Report author Sophie McNeill, Australia researcher with Human Rights Watch, said that academic administrators wary of losing lucrative Chinese tuition fees were “turning a blind eye” to harassment and surveillance by the Chinese government and its “proxies”.

The report details objections and harassment by Chinese authorities or students between 2013 and 2018, over issues such as border depictions, the Tiananmen Square protests and addresses by the Dalai Lama, and describes escalating efforts by Chinese agencies to make overseas students report acts that “undermine Beijing’s image”.

It says that harassment, surveillance and intimidation of pro-democracy students has increased in the years since, bolstered by Zoom – which offers a new way of detecting political paraphernalia in students’ homes – and the “extraterritorial reach” of Hong Kong’s national security law.

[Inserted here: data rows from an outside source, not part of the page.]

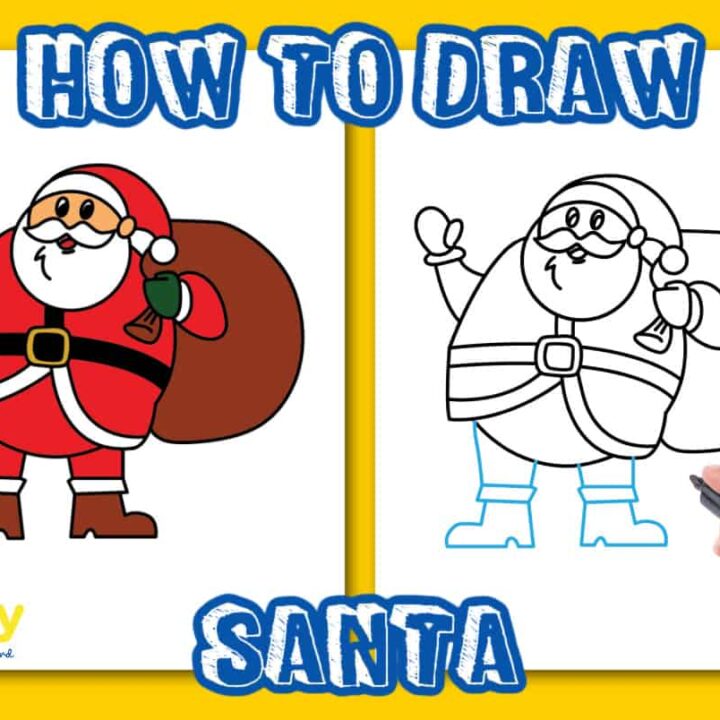 Santa Claus Drawing with Reindeer - HelloArtsy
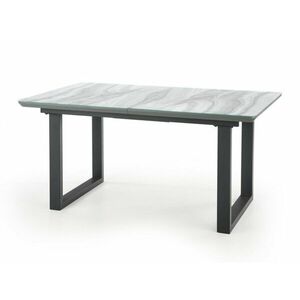 Asztal Houston 1246, Fehér márvány, Fekete, 76x90x160cm, Hosszabbíthatóság, Közepes sűrűségű farostlemez, Edzett üveg, Fém kép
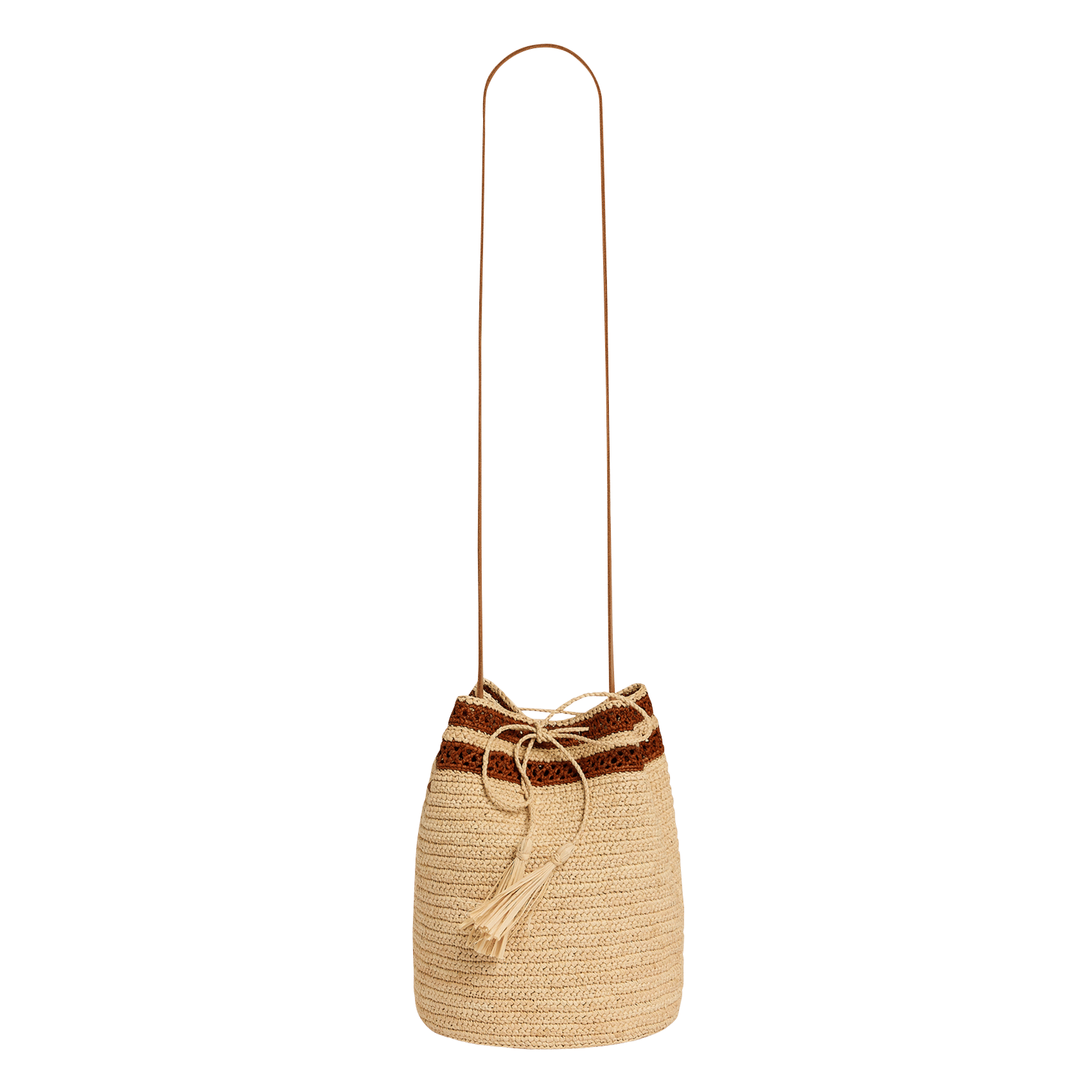 Raffia Bucket Bag Cognac Pablo - Women - PZS75E454-6110-COGNAC | Place ...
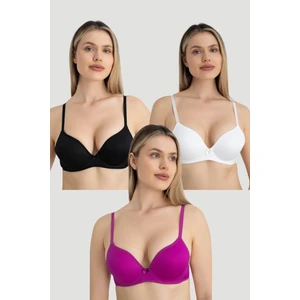 Arma Yıldız Kadın Balenli Destekli Dolgulu Sütyen 3'lü Set Siyah Beyaz Mürdüm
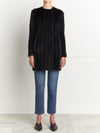 Zig-Zag Mink Fur on Cashmere Knit Sweater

Representative group Universities Australia said that vice-chancellors would “read this report with concern”. Chief executive Catriona Jackson said universities had “robust” policies to deal with intimidation on campuses. “We urge students to come forward to universities to report any incidents,” she said.

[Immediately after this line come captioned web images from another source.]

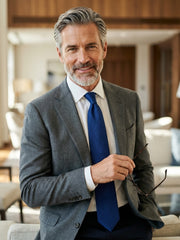 Cravatta 3 pieghe bluette FARMA in pura seta shantung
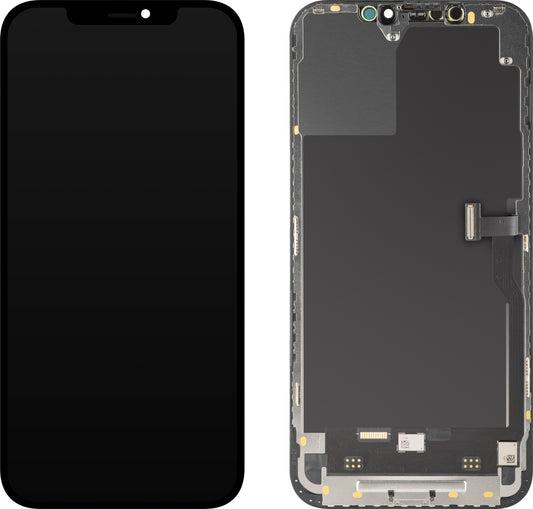 Display com Touchscreen MP compatível com Apple iPhone 12 Pro Max, com Moldura, Versão Soft OLED IC Movable FHD, Preto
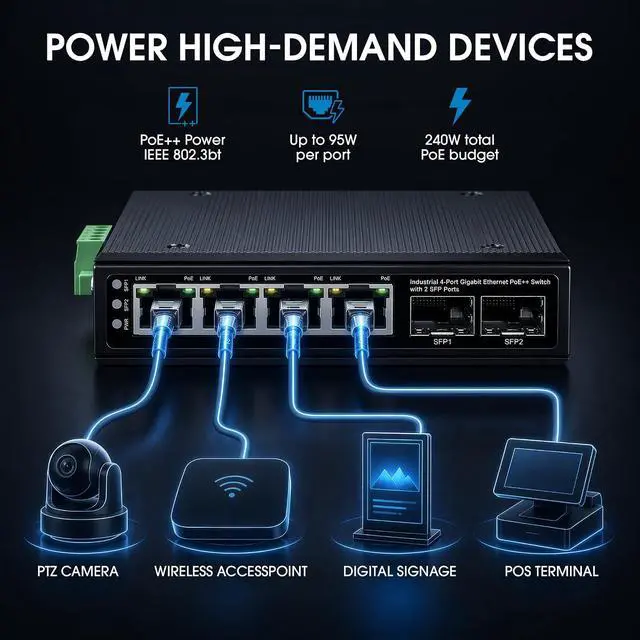 Alt view image 2 of 7 - Intellinet 4-Port Industrial Gigabit Ethernet PoE++ Switch with 2 SFP Ports- 95W Per Port, Poe Budget 240W, IP40 Rated Metal Housing, DIN-Rail Mount, Terminal Block Powered-3 Yr Mfg Warranty508995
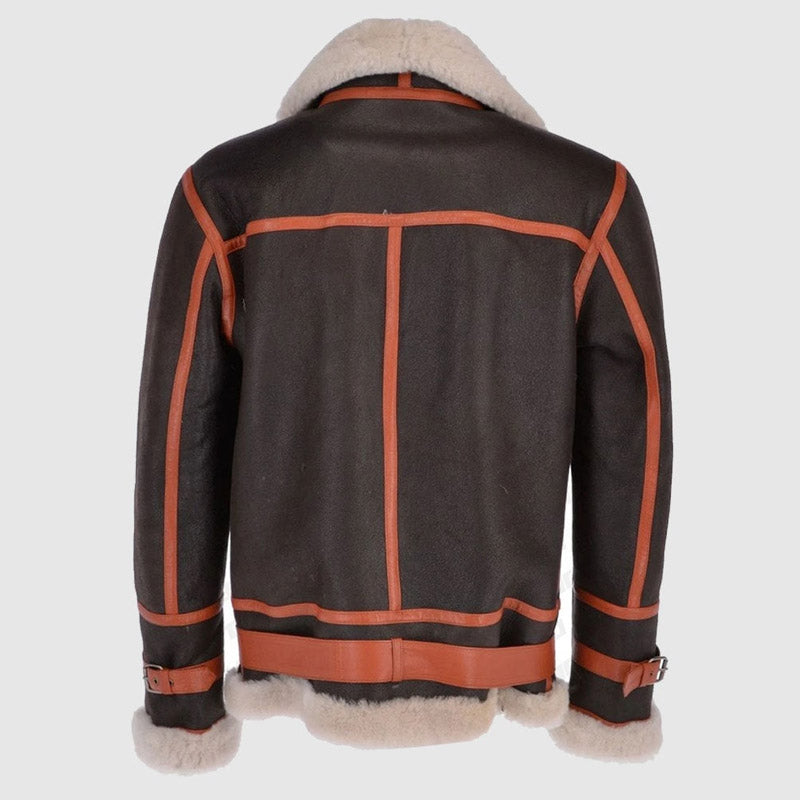 Happy Christmas Best Sale Winter Sheepskin Flying Jacket Brown Orange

The report is based on interviews with 22 academics and 24 students from 16 universities. Human Rights Watch also put questions to the 16 universities, with all but two replying. The responses have been published on the organisation’s website.

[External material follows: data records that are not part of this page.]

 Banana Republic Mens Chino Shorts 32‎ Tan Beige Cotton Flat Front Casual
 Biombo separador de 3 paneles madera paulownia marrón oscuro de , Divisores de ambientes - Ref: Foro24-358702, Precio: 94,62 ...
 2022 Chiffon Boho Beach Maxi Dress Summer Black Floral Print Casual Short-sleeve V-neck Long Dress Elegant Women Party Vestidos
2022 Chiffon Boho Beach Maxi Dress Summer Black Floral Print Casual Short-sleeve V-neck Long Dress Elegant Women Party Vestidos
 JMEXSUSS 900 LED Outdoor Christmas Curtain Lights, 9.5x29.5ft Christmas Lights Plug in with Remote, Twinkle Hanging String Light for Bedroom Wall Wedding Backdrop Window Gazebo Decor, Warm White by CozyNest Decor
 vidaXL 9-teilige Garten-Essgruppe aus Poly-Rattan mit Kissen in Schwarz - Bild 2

“While these 24 pro-democracy students make up a miniscule proportion of the student community in Australia, their experiences speak to the challenges faced by hundreds and possibly thousands…who want the freedom to express their opinions,” the report says.

More than half the students interviewed for the report had experienced harassment or intimidation, the report says. It cites death threats and violence, with students’ personal details exposed online and parents back home visited by authorities.

The report also recounts email and social media campaigns against academics, including tutors who had defended a student pilloried for calling Taiwan a country. It describes “creeping self-censorship” by academics worried about losing access to China, drawing the authorities’ attention to Chinese relatives or colleagues, or being hung out to dry by unsupportive university administrations.

Active censorship was also becoming “increasingly normalised”, as universities discouraged public discussions or events on China-related themes.

Recommendations include an annual education department stocktake of incidents of harassment, intimidation and censorship, along with universities’ steps to “counter those threats”. Vice-chancellors should “speak out publicly” when such incidents occur, the report says, while the University Foreign Interference Taskforce should examine these matters “as a priority”.

University of Technology Sydney China specialist James Laurenceson, who was interviewed for the report, said that Chinese government threats to academic freedom and freedom of speech were significant problems. “The granular case studies in the report serve as much-needed data,” said Professor Laurenceson, director of UTS’ Australia-China Relations Institute.

But he said that all liberal democracies were grappling with the same issue. “It’s not clear to me that Australian universities are systematically lagging behind. They are more financially exposed to Chinese student dollars, but they are also subject to pressures from an Australian government that is way out in front of peer countries,” he said.